CREATE INDEX index_table_two_table_one_fk ON table_two(table_one_fk);

This removes the need for the temporary index in the second query, which becomes:

QUERY PLAN
|--SCAN TABLE table_one
`--SEARCH TABLE table_two USING INDEX index_table_two_table_one_fk (table_one_fk=?)

This looks optimal. It doesn't change the query plan of the first query however, which I find surprising.

Only when I add the flag filtering to the index (thanks Dan, I hadn't realized this was an option), does the plan change, but it still materialises the view:

CREATE INDEX index_table_two_table_one_fk ON table_two(table_one_fk) WHERE flag = 15;

QUERY PLAN
|--MATERIALIZE 2
|  `--SCAN TABLE table_two USING INDEX index_table_two_table_one_fk
|--SCAN TABLE table_one
`--SEARCH SUBQUERY 2 USING AUTOMATIC COVERING INDEX (table_one_fk=?)

Is there a way to avoid this?

The purpose of the view is to avoid user error, but its use is harder to recommend when it can cause unexpected behaviour.

(4) By Dan Kennedy (dan) on 2020-07-09 18:09:06 in reply to 3 [source]

Is there a way to avoid this?

It's the LEFT JOIN that is stopping SQLite from transforming the query to the second form internally. Is there a way to rewrite the query that doesn't use a LEFT JOIN?

(5) By Keith Medcalf (kmedcalf) on 2020-07-09 18:50:48 in reply to 1 [link] [source]

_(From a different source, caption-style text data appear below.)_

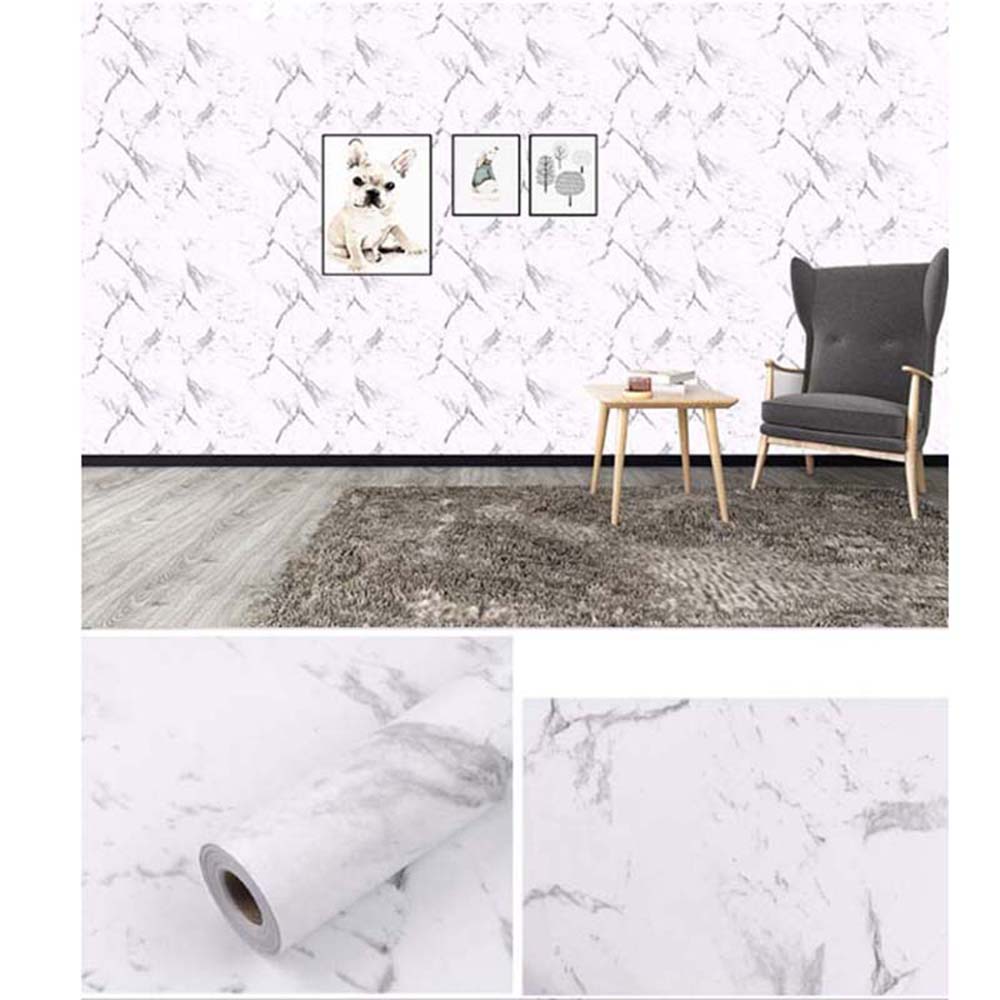 Miniatura 3 de Papel Adhesivo Para Pared VA-16889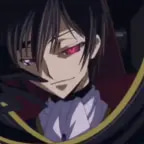 Evil Laugh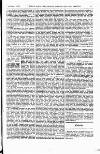 Indian Daily News Friday 01 March 1878 Page 17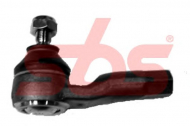 Шарнир sbs 19065033208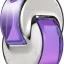 BVLGARI Omnia Amethyste 65ml (Туалетная вода)
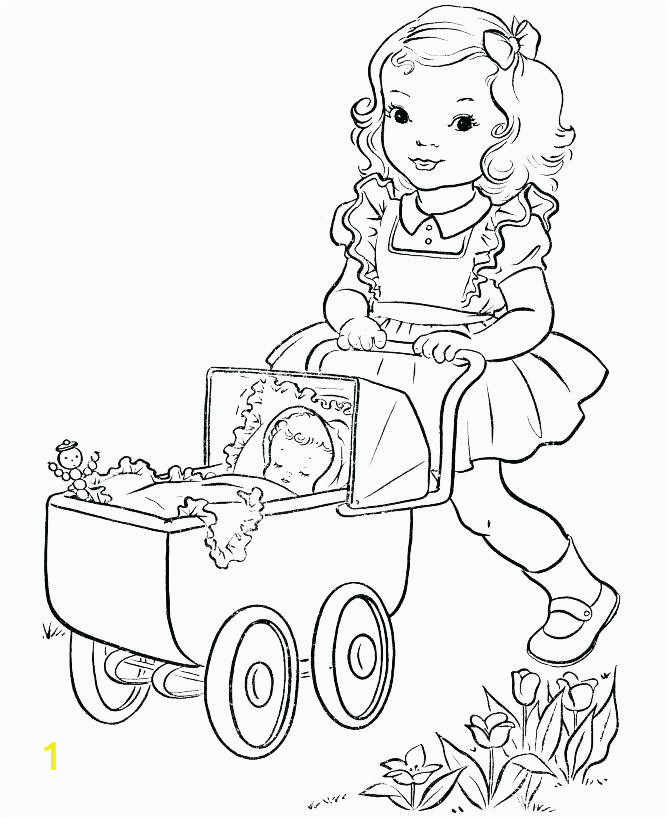 big sister coloring pages printable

You are correct. The optimizer does not push the conditions attached to a table-subquery on the RHS of a left-join into the outer join conditions bound to the target table. In this case it probably could. I do not know if it should do that optimization in all cases or not, nor even if it will be beneficial in most cases.

Is there a particular reason you are using an outer join or is it just because?